Last year, Chobani realized its program wasn’t doing a great job reaching female and minority business owners, so it broadened its recruitment strategy. Their spring 2019 class was, in contrast, especially diverse. Next month, Chobani will use another lesson to launch its first incubator class for veterans. The move comes after analyzing the applications for its last round, which featured a pool of more than 600 companies but only 15 led by people with previous military service. “That’s such a small number relative to the number of applications that we saw,” says incubator director Zoe Feldman. “I dug a little deeper and saw that [the ones who did enter] were family-owned businesses, very small, and really representative of all demographies across America.”
Chobani’s veteran class is smaller than its previous incubators because many of the startups are so early-stage that they’ll need more specific attention. The company encouraged people to apply online and received referrals from veteran-focused nonprofits. Feldman chose a total of three companies, which came from a smaller pool of about 60 applicants.
Each company has a founder from a different branch of the armed services. James Lee perfected his family recipe for J. Lee’s Gourmet BBQ Sauce while serving in the Army. His company is based in Biloxi, Mississippi, and includes a sauce variation that uses agave to be diabetic friendly. Lee has won numerous national sauce competitions and sells primarily in Southern grocery stores and at military commissaries.
The two other companies include Amore Congelato, a gelato and sorbet outfit whose products are sweetened with agave nectar, and which offers facts about injustice on its packaging. It was founded by Thereasa Black, a member of the Naval Reserve, and is based in Chantilly, Virginia. Savor the Flavor, a grits and rice mix company, is cofounded by Air Force veteran Carolyn Brunson Hodge. It’s based in Sumter, South Carolina, and, like Lee’s, its offerings are based on a family recipe.
Feldman points out that in some cases these companies aren’t just selling good food—they’re elevating their own cultural traditions, often from areas that the country might otherwise ignore.
“My dad gave me a base for a recipe, and I perfected [it],” says Lee, whose father was also an Army veteran. He started the company after deciding his sauce was better than so many others out there. He believes that diabetic version with agave is a better sugar substitute than the artificial sweeteners used by others. “We are not trying to just make a dollar. We are trying to give people a quality product.”
Lee is proud of his product and his military service, so much so that the bottle features a picture of him in uniform on the package. At the same time, he’s been largely bootstrapping his business since 2013 and is looking forward to meeting other entrepreneurs to compare tactics.
Chobani’s incubator will include a one-week immersion at the company’s New York headquarters in December. It plans to offer hands-on tutorials in everything from branding to website building to sales techniques for building larger distribution.
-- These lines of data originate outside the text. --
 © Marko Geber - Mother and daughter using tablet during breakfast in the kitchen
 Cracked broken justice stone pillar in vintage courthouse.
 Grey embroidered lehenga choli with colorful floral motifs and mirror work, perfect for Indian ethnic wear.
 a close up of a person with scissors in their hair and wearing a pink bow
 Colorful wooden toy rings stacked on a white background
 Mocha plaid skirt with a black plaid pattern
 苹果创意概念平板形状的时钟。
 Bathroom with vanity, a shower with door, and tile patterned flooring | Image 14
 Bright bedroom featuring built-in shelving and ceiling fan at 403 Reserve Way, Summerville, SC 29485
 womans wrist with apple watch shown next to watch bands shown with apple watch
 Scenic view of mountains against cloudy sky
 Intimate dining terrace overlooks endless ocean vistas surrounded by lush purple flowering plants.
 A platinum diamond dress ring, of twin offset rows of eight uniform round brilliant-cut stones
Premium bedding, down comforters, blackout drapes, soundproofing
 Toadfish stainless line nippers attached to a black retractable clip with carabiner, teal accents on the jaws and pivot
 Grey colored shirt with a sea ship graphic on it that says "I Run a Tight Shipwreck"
It will also tap former incubator graduates who have fresh experience on the ground with things such as growing steadily and which can smartly offer their own advice and counsel.
Beyond that, the yogurt maker also knows there’s a lot it can’t understand about the veteran experience. So it’s designed this program in tandem with the Institute for Veterans and Military Families (IVMF) at Syracuse University, which will continue to offer participants access to its own entrepreneurship programming, support network, and boot camps around topics such as how to finance your business.
Vets don’t just face the readjustment of returning to civilian life after service: Many start companies in smaller towns near where they were based that aren’t necessarily the sort of food meccas that can quickly propel a small company to success. But Feldman says that veteran-based companies and the nonprofits they’ve connected with already tend to support and champion each other.
“There’s a real amount of community support and camaraderie that’s unlike anything that we’ve seen from entrepreneurs,” she says.